Fast forward two weeks, and they were the most impressive components in a Thursday Night Football loss to the Chicago Bears. The offensive line began to regroup in Week 5 against the Philadelphia Eagles: David Diehl was in for his first start of the season to lend his experience to rookie Justin Pugh on the right side, which in turn allowed Kevin Boothe and Will Beatty to work on their chemistry on the left.
Diehl brings 10 years of experience playing multiple positions across the Giants’ O-line, and the improvement was especially evident after that horror show in Week 3, when the non-existent protection allowed seven sacks on quarterback Eli Manning.
Since then they have stood relatively firm, giving up a single sack per game in their last two outings and giving Manning every chance to make a play, although sadly they cannot do his thinking for him as well.
Manning tossed three interceptions on Thursday night: the second of which cost the Giants six points and the last of which cost them the game. Up to this point in the season, a large portion of the blame for Manning’s woes has been directed at his offensive line, yet realization is now kicking in that the problems may lie elsewhere as the O-line regularly created a perfect pocket only for Eli to fluff his lines.
The O-line improvement and the step up in production of the run game go hand-in-hand. I suggested earlier in the week that the Giants should totally abandon the run game after David Wilson‘s injury and to simplify the offense by banishing this near-obsolete component — how wrong I was.
As is recent tradition, you don’t run on the Bears, even they have gotten noticeably softer over the last few seasons and Kevin Gilbride was determined to stick to his principles despite the evident lack of personnel.
I guess sometimes you have to hit rock bottom before you can break out, and this was certainly the case for the Giants’ depleted backfield on Thursday night. Heading into the game at Soldier Field, the Giants ranked dead last when running the ball. Not only were they void of a 100-yard rusher this season, they hadn’t gone over 100 net rushing yards in a single game so far this season.

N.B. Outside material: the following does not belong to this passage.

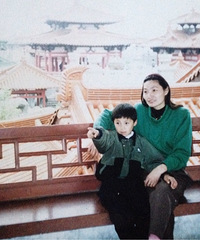 上学时打回家的电话可能就是要生活费 妈妈却总是问我吃饭了没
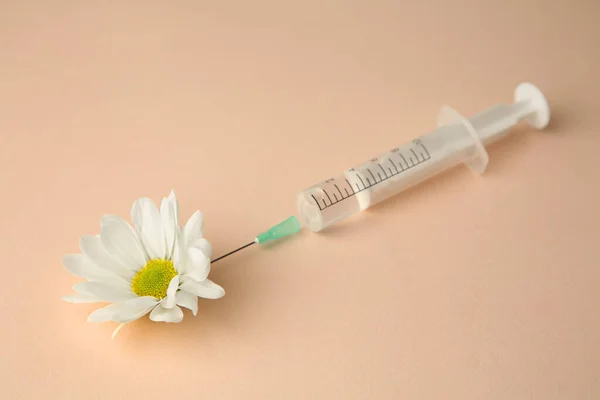 Медичний Шприц Красива Квітка Хризантеми Бежевому Фоні Крупним Планом — стокове фото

So welcome to the party, Brandon Jacobs. The veteran powerhouse was unshackled to surpass anything the Giants had mustered so far for the best ground performance of the season.
Jacobs’ excitement at being handed the starting role — something he never imagined would happen again — was there for all to see prior to the game, even it was by default. Yet the big man took that proverbial bull by the horns to amass 106 yards and two touchdowns on 22 carries against Chicago.
It was a performance from yesteryear for the two-time Super Bowl winner with power and perseverance, fighting for extra yardage after contact as if he was dragging his other 10 offensive colleagues up the field with him.
Not only did Jacobs use his hefty frame to power up the gut, there was also plenty of success to be had to the both left and right behind the rejuvenated O-line. We should not discount the efforts of stand-in fullback John Conner, whose contribution was well received on the evening.
When you’re in the pits of despair as the Giants’ season most evidently is, sometimes things can happen more out of luck than judgment. Had it not been for layoffs to Wilson and Andre Brown, Jacobs would not have been on hand for this breakout game. In fact, had it not been for a mistake-laden season opener from Wilson, Jacobs wouldn’t have even been on the roster.
So Giants fans, take solace in the fact that things are starting to happen unexpectedly — that’s essentially the best you can hope for at this stage. Two underperforming areas of the team stepped up in Week 6, and the rest should be taking notes.